Lecture 2 Flashcards
Body image
What is attractive is very different across cultures, but there are some commonalities, which have a common factor: health(y appearance):
- Clear complexion: clear skin.
- Bilateral symmetry: marker of good health.
- Average features (face): because genetic abnormalities can cause deviant face features.
Media
Has a very strong influence on body image and what we think we should look like. Media often portrays unattainable ideas, shaped by models, cosmetics, photoshop etc. This is a major influence on feelings of inferiority and can lead to health damage (tanning, plastic surgery etc.)
Differences in human biology
Human biology differs across cultures due to 2 reasons:
1. Innate / biological differences: result of a selection process over generations.
2. Acquired biological differences: selection pressures on one’s biology in 1 life-time, independent of genes.
Innate biological variability
Humans evolve due to selective pressures in their environments (available food, diseases etc.). Different environments have different selection pressures leading different populations to evolve different traits.
Example: skin color correlates with the ultraviolet radiation that reaches different parts of the globe.
Culture-gene coevolution
As culture evolve, it places new selection pressures on the genome, which also evolves in response to those pressures.

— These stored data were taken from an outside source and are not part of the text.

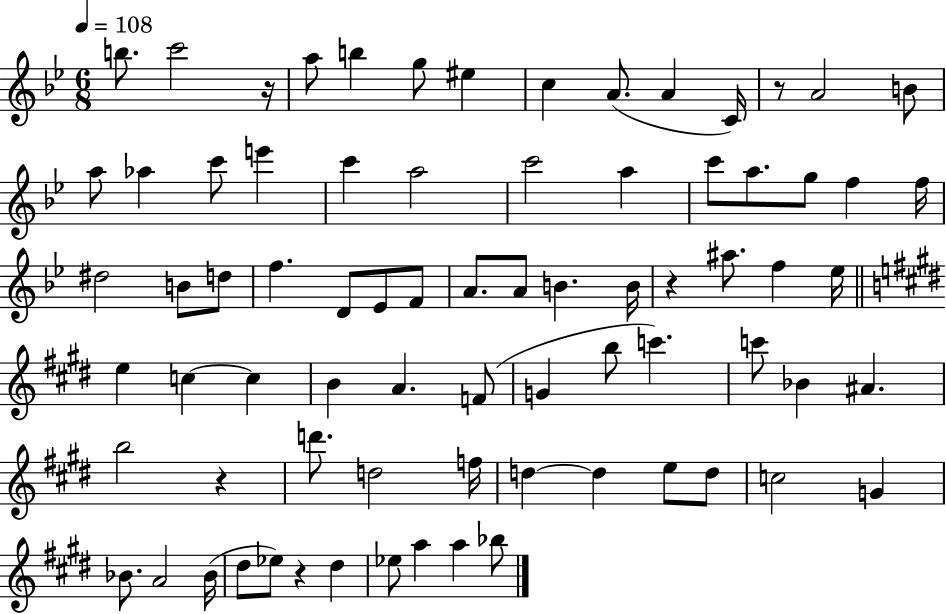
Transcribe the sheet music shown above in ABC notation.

X:1
T:Untitled
M:6/8
L:1/4
K:Bb
b/2 c'2 z/4 a/2 b g/2 ^e c A/2 A C/4 z/2 A2 B/2 a/2 _a c'/2 e' c' a2 c'2 a c'/2 a/2 g/2 f f/4 ^d2 B/2 d/2 f D/2 _E/2 F/2 A/2 A/2 B B/4 z ^a/2 f _e/4 e c c B A F/2 G b/2 c' c'/2 _B ^A b2 z d'/2 d2 f/4 d d e/2 d/2 c2 G _B/2 A2 _B/4 ^d/2 _e/2 z ^d _e/2 a a _b/2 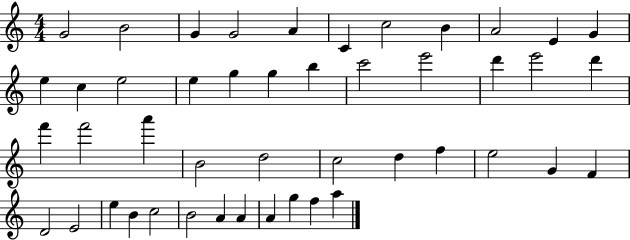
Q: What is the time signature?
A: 4/4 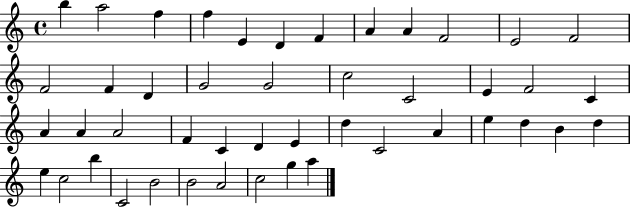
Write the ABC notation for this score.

X:1
T:Untitled
M:4/4
L:1/4
K:C
b a2 f f E D F A A F2 E2 F2 F2 F D G2 G2 c2 C2 E F2 C A A A2 F C D E d C2 A e d B d e c2 b C2 B2 B2 A2 c2 g a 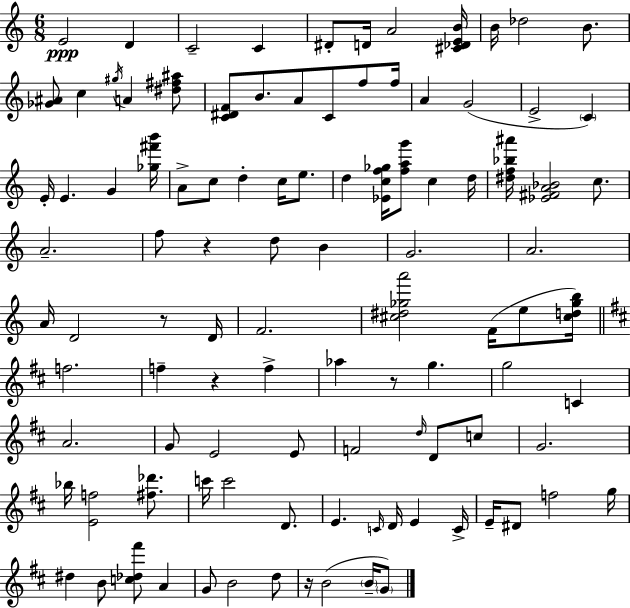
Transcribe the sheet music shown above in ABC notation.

X:1
T:Untitled
M:6/8
L:1/4
K:Am
E2 D C2 C ^D/2 D/4 A2 [^C_DEB]/4 B/4 _d2 B/2 [_G^A]/2 c ^g/4 A [^d^f^a]/2 [C^DF]/2 B/2 A/2 C/2 f/2 f/4 A G2 E2 C E/4 E G [_g^f'b']/4 A/2 c/2 d c/4 e/2 d [_Ecf_g]/4 [fag']/2 c d/4 [^df_b^a']/4 [_E^FA_B]2 c/2 A2 f/2 z d/2 B G2 A2 A/4 D2 z/2 D/4 F2 [^c^d_ga']2 F/4 e/2 [^cd_gb]/4 f2 f z f _a z/2 g g2 C A2 G/2 E2 E/2 F2 d/4 D/2 c/2 G2 _b/4 [Ef]2 [^f_d']/2 c'/4 c'2 D/2 E C/4 D/4 E C/4 E/4 ^D/2 f2 g/4 ^d B/2 [c_d^f']/2 A G/2 B2 d/2 z/4 B2 B/4 G/2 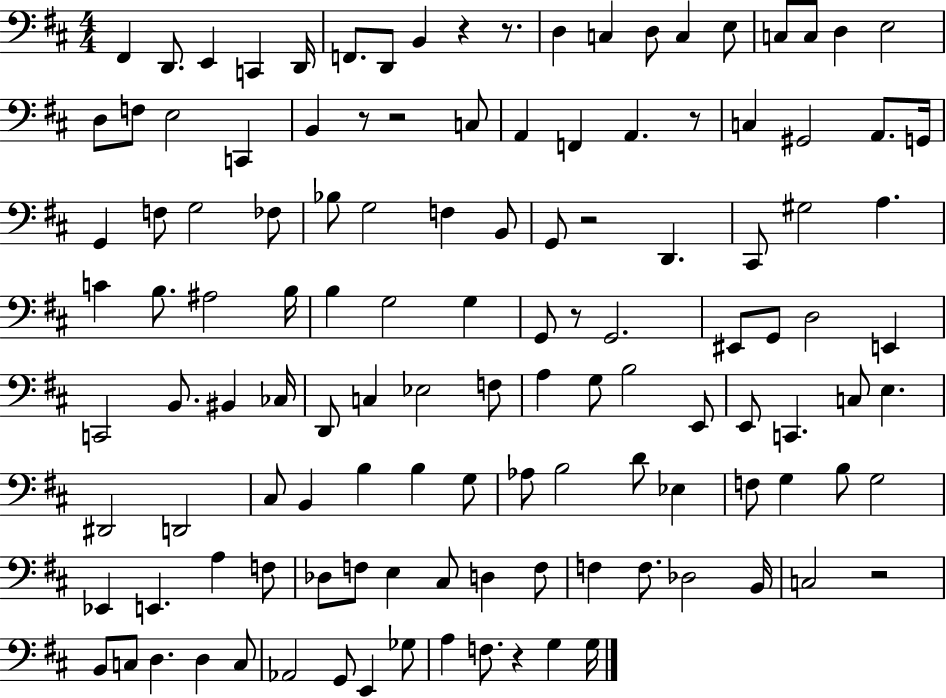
F#2/q D2/e. E2/q C2/q D2/s F2/e. D2/e B2/q R/q R/e. D3/q C3/q D3/e C3/q E3/e C3/e C3/e D3/q E3/h D3/e F3/e E3/h C2/q B2/q R/e R/h C3/e A2/q F2/q A2/q. R/e C3/q G#2/h A2/e. G2/s G2/q F3/e G3/h FES3/e Bb3/e G3/h F3/q B2/e G2/e R/h D2/q. C#2/e G#3/h A3/q. C4/q B3/e. A#3/h B3/s B3/q G3/h G3/q G2/e R/e G2/h. EIS2/e G2/e D3/h E2/q C2/h B2/e. BIS2/q CES3/s D2/e C3/q Eb3/h F3/e A3/q G3/e B3/h E2/e E2/e C2/q. C3/e E3/q. D#2/h D2/h C#3/e B2/q B3/q B3/q G3/e Ab3/e B3/h D4/e Eb3/q F3/e G3/q B3/e G3/h Eb2/q E2/q. A3/q F3/e Db3/e F3/e E3/q C#3/e D3/q F3/e F3/q F3/e. Db3/h B2/s C3/h R/h B2/e C3/e D3/q. D3/q C3/e Ab2/h G2/e E2/q Gb3/e A3/q F3/e. R/q G3/q G3/s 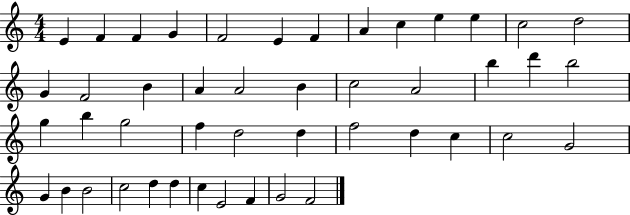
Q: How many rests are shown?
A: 0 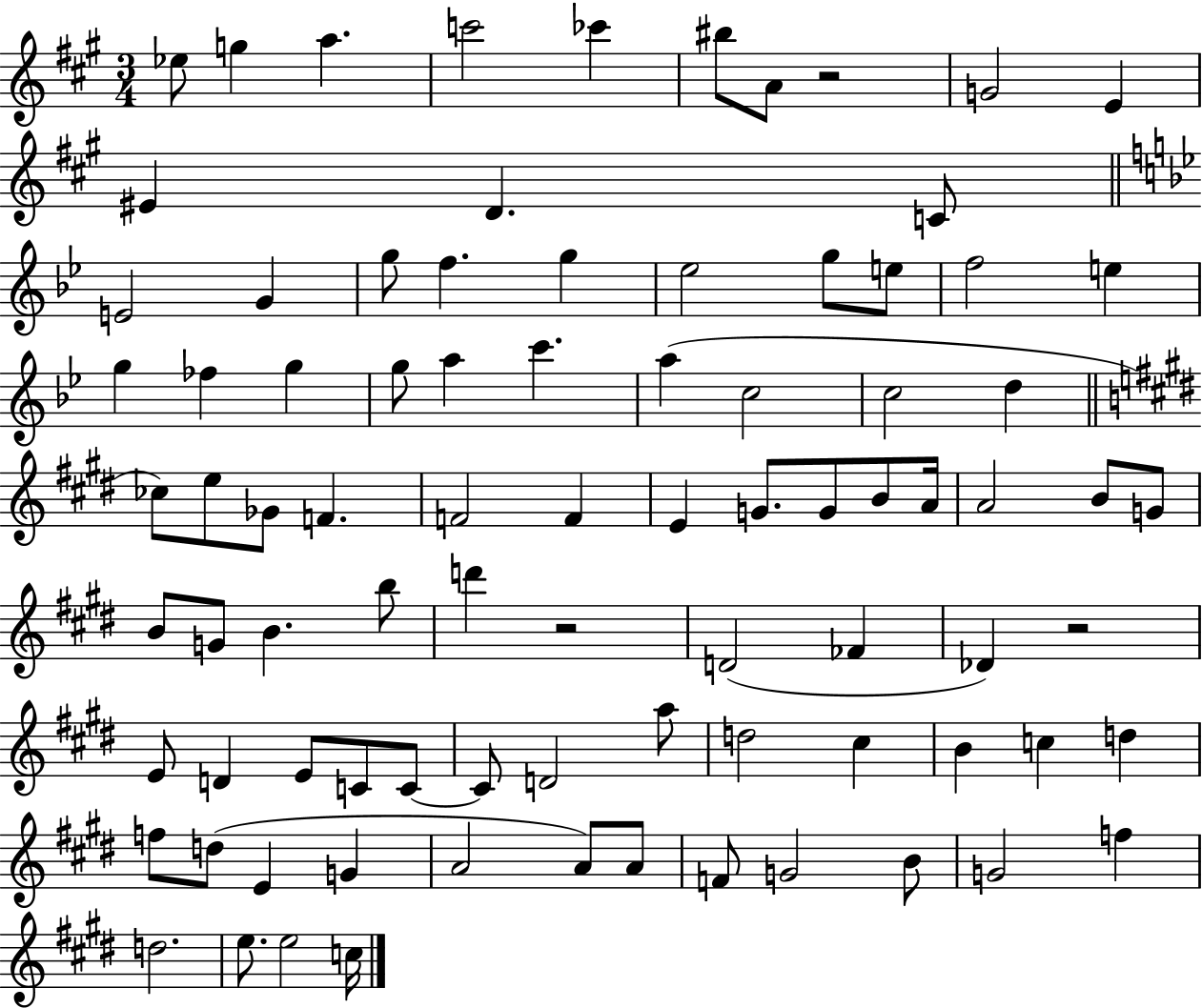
Eb5/e G5/q A5/q. C6/h CES6/q BIS5/e A4/e R/h G4/h E4/q EIS4/q D4/q. C4/e E4/h G4/q G5/e F5/q. G5/q Eb5/h G5/e E5/e F5/h E5/q G5/q FES5/q G5/q G5/e A5/q C6/q. A5/q C5/h C5/h D5/q CES5/e E5/e Gb4/e F4/q. F4/h F4/q E4/q G4/e. G4/e B4/e A4/s A4/h B4/e G4/e B4/e G4/e B4/q. B5/e D6/q R/h D4/h FES4/q Db4/q R/h E4/e D4/q E4/e C4/e C4/e C4/e D4/h A5/e D5/h C#5/q B4/q C5/q D5/q F5/e D5/e E4/q G4/q A4/h A4/e A4/e F4/e G4/h B4/e G4/h F5/q D5/h. E5/e. E5/h C5/s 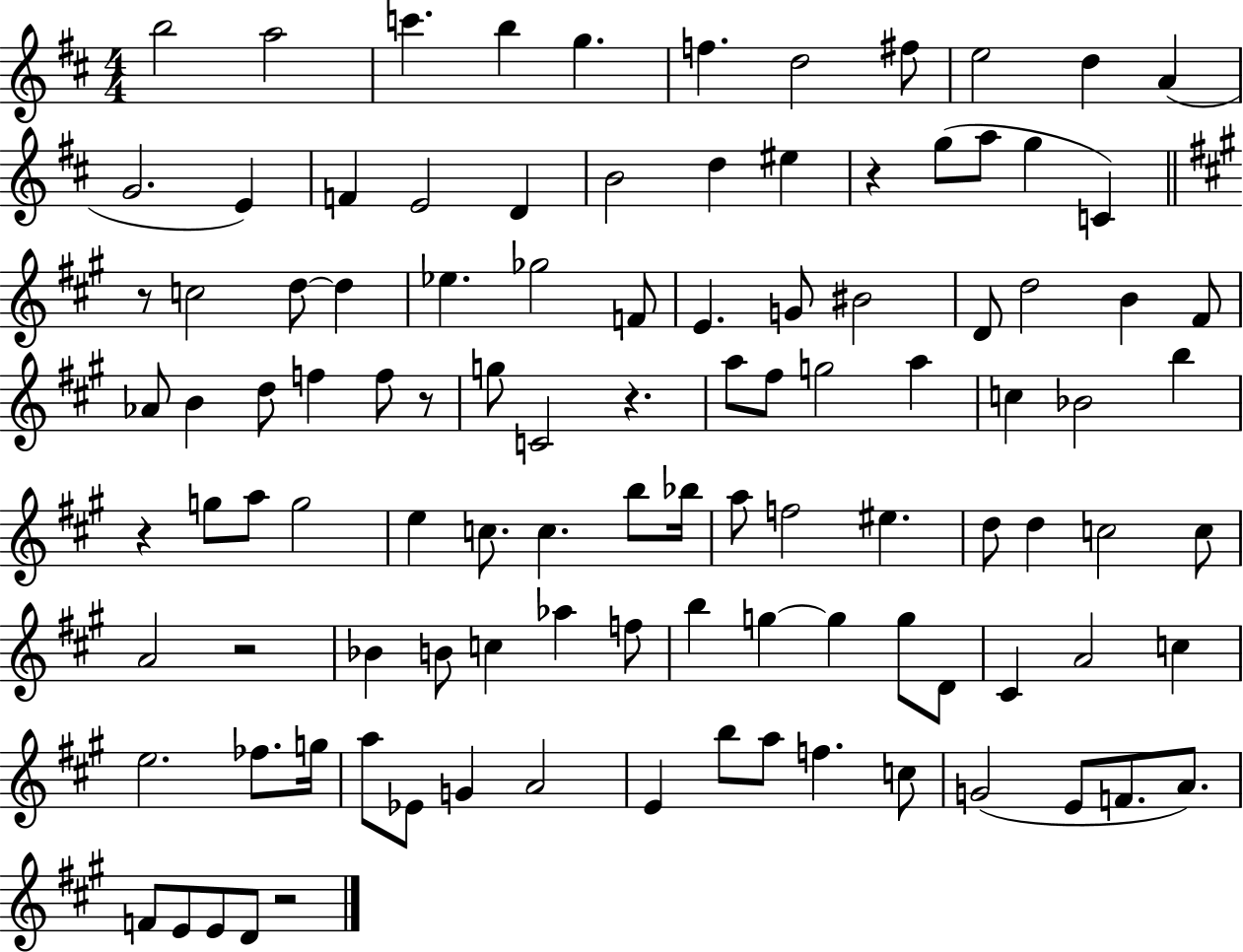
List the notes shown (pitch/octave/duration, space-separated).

B5/h A5/h C6/q. B5/q G5/q. F5/q. D5/h F#5/e E5/h D5/q A4/q G4/h. E4/q F4/q E4/h D4/q B4/h D5/q EIS5/q R/q G5/e A5/e G5/q C4/q R/e C5/h D5/e D5/q Eb5/q. Gb5/h F4/e E4/q. G4/e BIS4/h D4/e D5/h B4/q F#4/e Ab4/e B4/q D5/e F5/q F5/e R/e G5/e C4/h R/q. A5/e F#5/e G5/h A5/q C5/q Bb4/h B5/q R/q G5/e A5/e G5/h E5/q C5/e. C5/q. B5/e Bb5/s A5/e F5/h EIS5/q. D5/e D5/q C5/h C5/e A4/h R/h Bb4/q B4/e C5/q Ab5/q F5/e B5/q G5/q G5/q G5/e D4/e C#4/q A4/h C5/q E5/h. FES5/e. G5/s A5/e Eb4/e G4/q A4/h E4/q B5/e A5/e F5/q. C5/e G4/h E4/e F4/e. A4/e. F4/e E4/e E4/e D4/e R/h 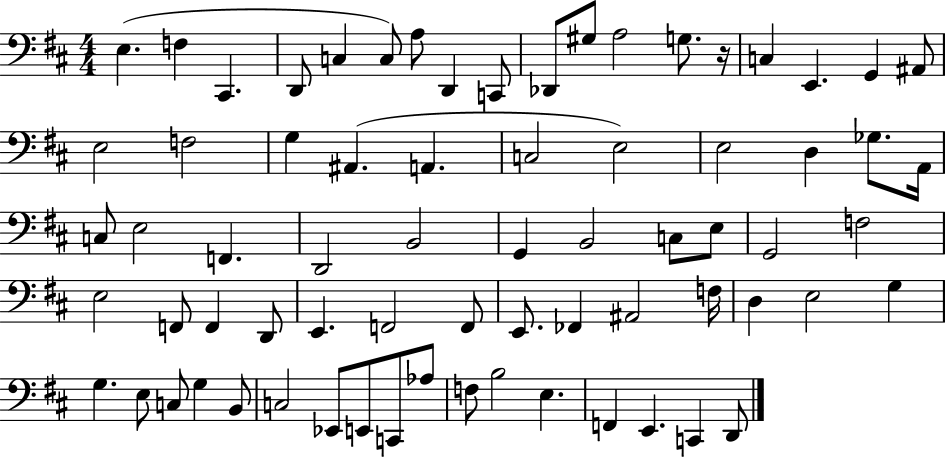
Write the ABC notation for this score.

X:1
T:Untitled
M:4/4
L:1/4
K:D
E, F, ^C,, D,,/2 C, C,/2 A,/2 D,, C,,/2 _D,,/2 ^G,/2 A,2 G,/2 z/4 C, E,, G,, ^A,,/2 E,2 F,2 G, ^A,, A,, C,2 E,2 E,2 D, _G,/2 A,,/4 C,/2 E,2 F,, D,,2 B,,2 G,, B,,2 C,/2 E,/2 G,,2 F,2 E,2 F,,/2 F,, D,,/2 E,, F,,2 F,,/2 E,,/2 _F,, ^A,,2 F,/4 D, E,2 G, G, E,/2 C,/2 G, B,,/2 C,2 _E,,/2 E,,/2 C,,/2 _A,/2 F,/2 B,2 E, F,, E,, C,, D,,/2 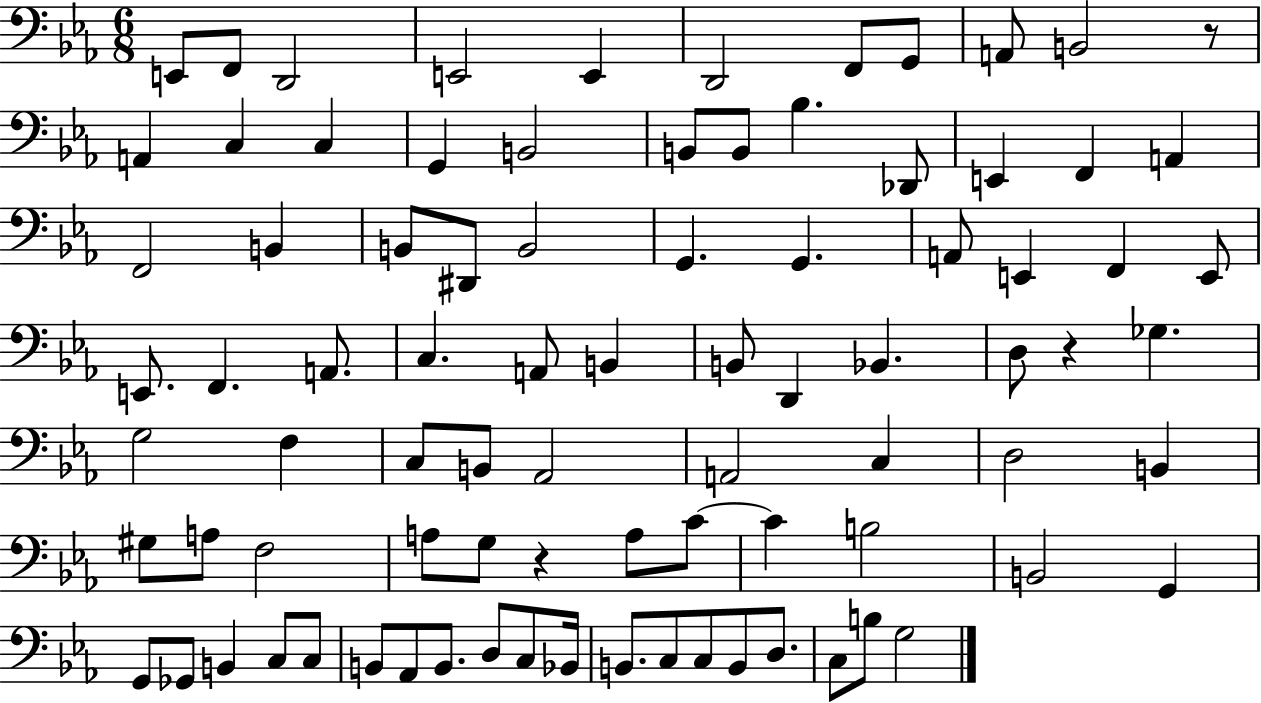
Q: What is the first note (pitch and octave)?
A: E2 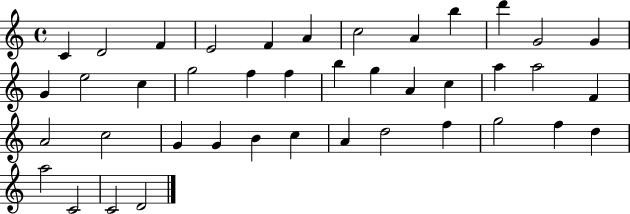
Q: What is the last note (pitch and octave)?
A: D4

Example: cow domestication had led to the development of a mutation that allows us to process milk.
Western view on health
The western countries often use the biomedical model of health, where health is seen as the absence of a disease. And a disease has a specific, identifiable cause in or outside of the body.
Other views on health
Health is seen as an (in)balance between positive and negative forces and can derive form supernatural causes (Gods etc.).
Differences within Western cultures
- In the USA, the body is seen as a machine and doctors often prescribe surgery.
- In France, balance of the body is emphasised and rest is often prescribed.
Placebo response
Is much higher in certain countries, due to the belief about the effect medication has.
Promotion orientation
Striving to secure a positive outcome and to find pleasure. Focus on successes to strive for advancement. More common in Western/individualistic cultures.
Example: striving for sexual satisfaction.
Prevention orientation
Striving to avoid a negative outcome and to maintain security. Focus on weakness to avoid failure. More common in collectivistic cultures.
Example: using a condom.
Entity theory (of the world)
The world around us is fixed and beyond our ability to change it. There is an external locus of control and good choices are made because it looks good.
More common in non-Western cultures.
Incremental (toenemend) theory (of the world
The world around us is flexible and we are responsible to our efforts to change it. There is an internal locus of control and choices are made because it is good for the person.
More common in Western cultures.
Sense of control and SES
Your SES has a huge impact on your health, but your own sense of control over this matters al lot.
- High SES –> High control –> Good health outcomes.
- Low SES –> Low control –> Poor health outcomes.
- Low SES –> High control –> Good health outcomes.
Your subjective perception of wealth is a predictor of health. A sense of relative deprivation can lead to stress. This is most problematic in societies with great social inequality.
Ethnicity and SES
Racism and discrimination can cause stress, which puts people at risk for disease.